[Dataset records]
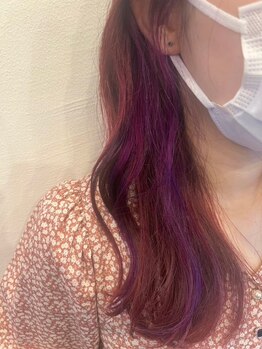 アトリエ ファゴビス(ATELIER FAGOT Bis)の写真/色持ちの良さが自慢☆髪の状態に合わせて薬剤を選定！髪の負担を極力減らすことで、色持ちもツヤ感もUP！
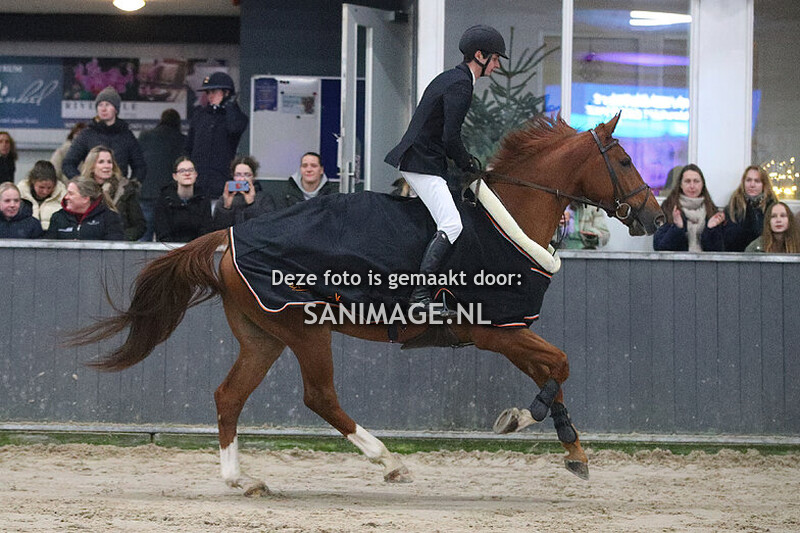 De Voornruiters springen paarden 18-01-2025 135 cm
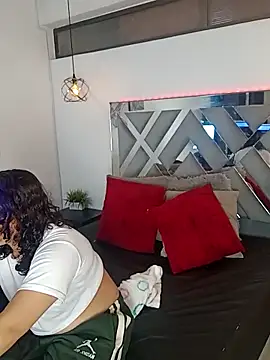 Liily Foxxy online show from May 29, 10:57 am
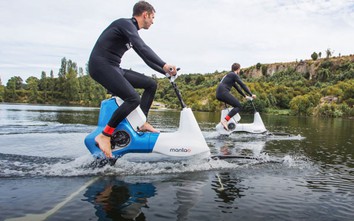 Độc đáo xe đạp chạy được trên nước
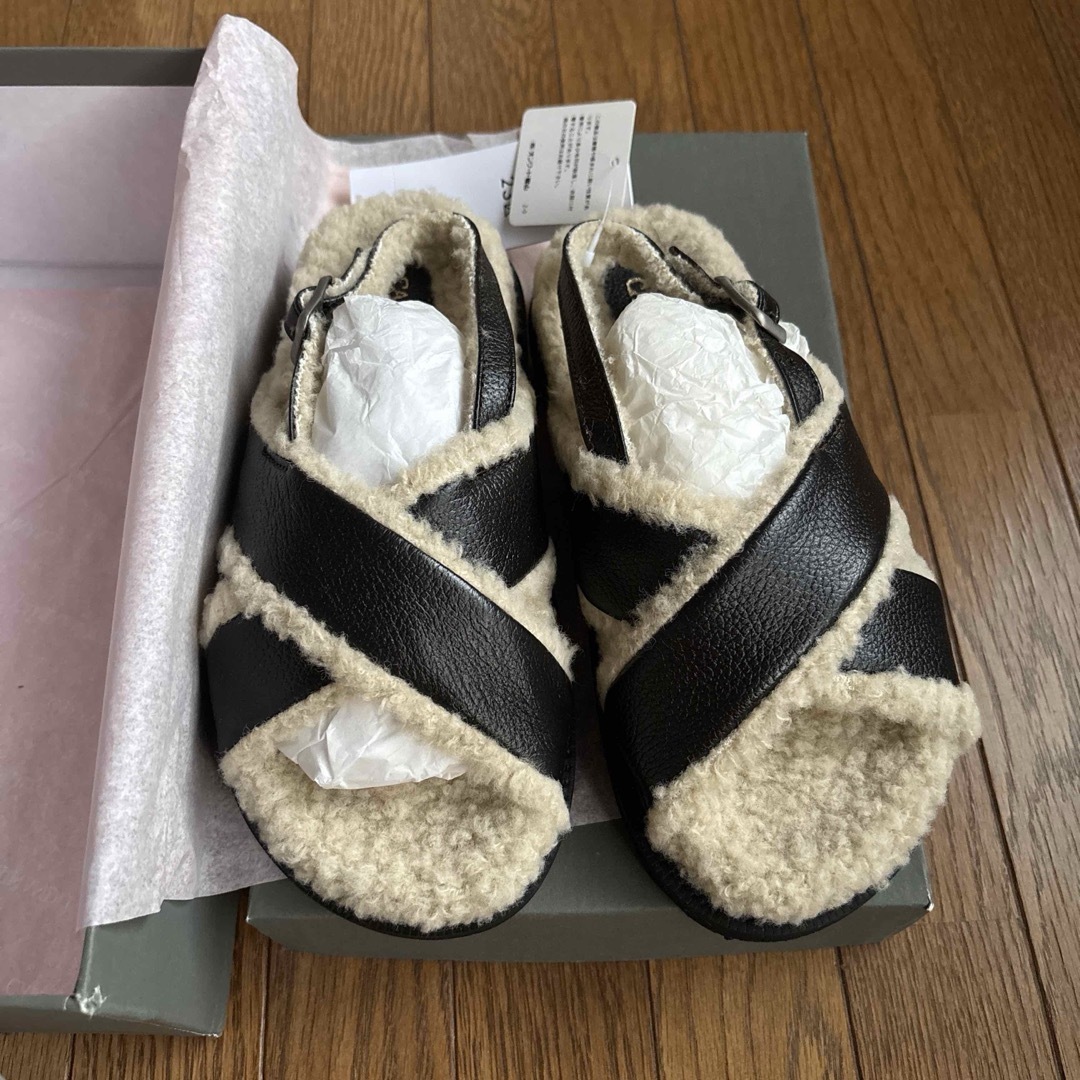 23区　CAMINANDO クロスストラップ ボア サンダル CAMINANDO - 23区 CAMINANDO クロスストラップ ボア サンダルの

**PROBLEM TO SOLVE**. No pictures go in the copy. Set down all the data exactly.

**TASK OUTPUT**.
 アトリエ ファゴビス(ATELIER FAGOT Bis)の写真/色持ちの良さが自慢☆髪の状態に合わせて薬剤を選定！髪の負担を極力減らすことで、色持ちもツヤ感もUP！
 De Voornruiters springen paarden 18-01-2025 135 cm
 Liily Foxxy online show from May 29, 10:57 am
 Độc đáo xe đạp chạy được trên nước
 23区　CAMINANDO クロスストラップ ボア サンダル CAMINANDO - 23区 CAMINANDO クロスストラップ ボア サンダルの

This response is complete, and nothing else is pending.